Connecting with nature and exploring the outdoors is one of the best reasons to come to New Hampshire. There are 75 New Hampshire State Park properties that provide a variety of recreational opportunities for all ages and abilities. The park system includes beaches, campgrounds, historic sites, waysides, natural areas, a multitude of trails, and much more to explore. With 84% of the state covered in forest, more than 300 lakes and ponds, and numerous other habitats that are great for viewing wildlife, the nature enthusiast has countless options in New Hampshire. With a bit of luck and patience, the trekker or camper can hope to spot whales arcing over ocean waves, a deer poised by an apple tree, a bear snuffling the base of a tree for an edible morsel, or river otters cavorting in a mountain stream. Wildlife is one of New Hampshire's greatest natural resources. More than 300 species of vertebrates – fish, birds, mammals, reptiles, and amphibians – live in the state and an additional 120 species occur as migrants. The magic of seeing an animal in its natural habitat is not an uncommon experience when exploring the wilds of New Hampshire.

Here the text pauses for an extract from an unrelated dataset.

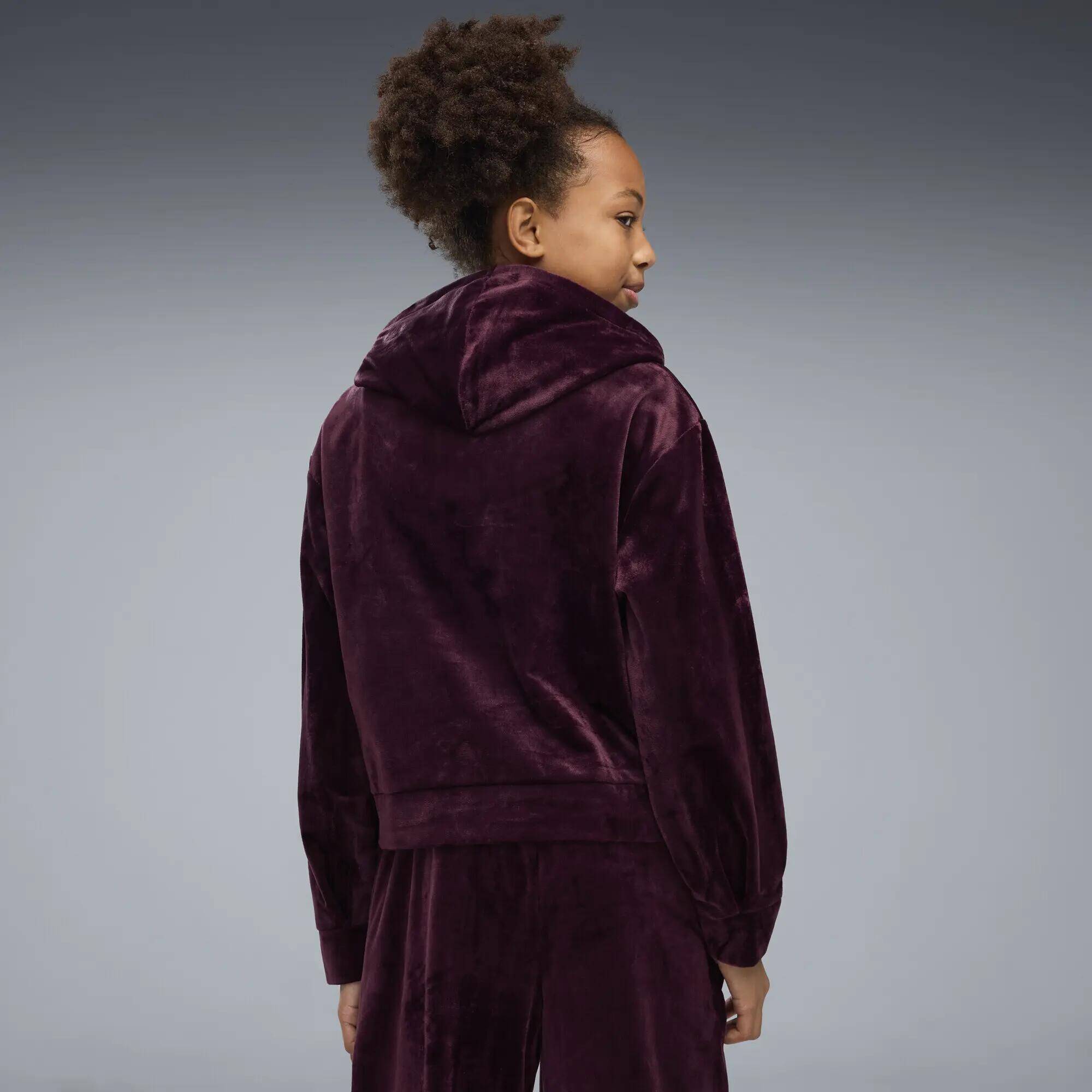 Hoodie court décontracté en velours Essentials Elevated Enfant et Adolescent 3/5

New Hampshire also has a thriving local music and arts scene. Here, emerging acts perform in small venues and plays are put on in historic theaters, such as the Verizon Wireless Arena, the Currier Museum of Art, the Capitol Center, and the Stone Church, all of which bring music, art, and theater from around the world to New Hampshire.
And New Hampshire was made for road trips. From coastal roads that overlook crashing surf, to mountain roadways that wind through the Northeast's highest peaks, to historic routes that follow early Native American trails, New Hampshire's roads are undeniably scenic. Come explore the highways and byways, and discover what's just up the road: the timeless villages and fascinating small cities, rolling farmlands and deep green forests, soaring mountains and sparkling rivers, lakes, and ponds. Along the way lie countless historic sites, including New Hampshire’s famed collection of covered bridges. At one time there were over 10,000 covered bridges in the United States, and today 54 of the remaining 750 are located in New Hampshire. Located throughout the state, each bridge is unique to its town and design. Because of their beauty and the history behind them, covered bridges became the first type of historic structures specifically protected by state law in New Hampshire.
Of course, this is all just the beginning of what New Hampshire has to offer the eager traveler. Whether its enjoying the great outdoors, exploring the state’s historical and cultural bounty, or cruising through the verdant countryside, the options in New Hampshire are endless!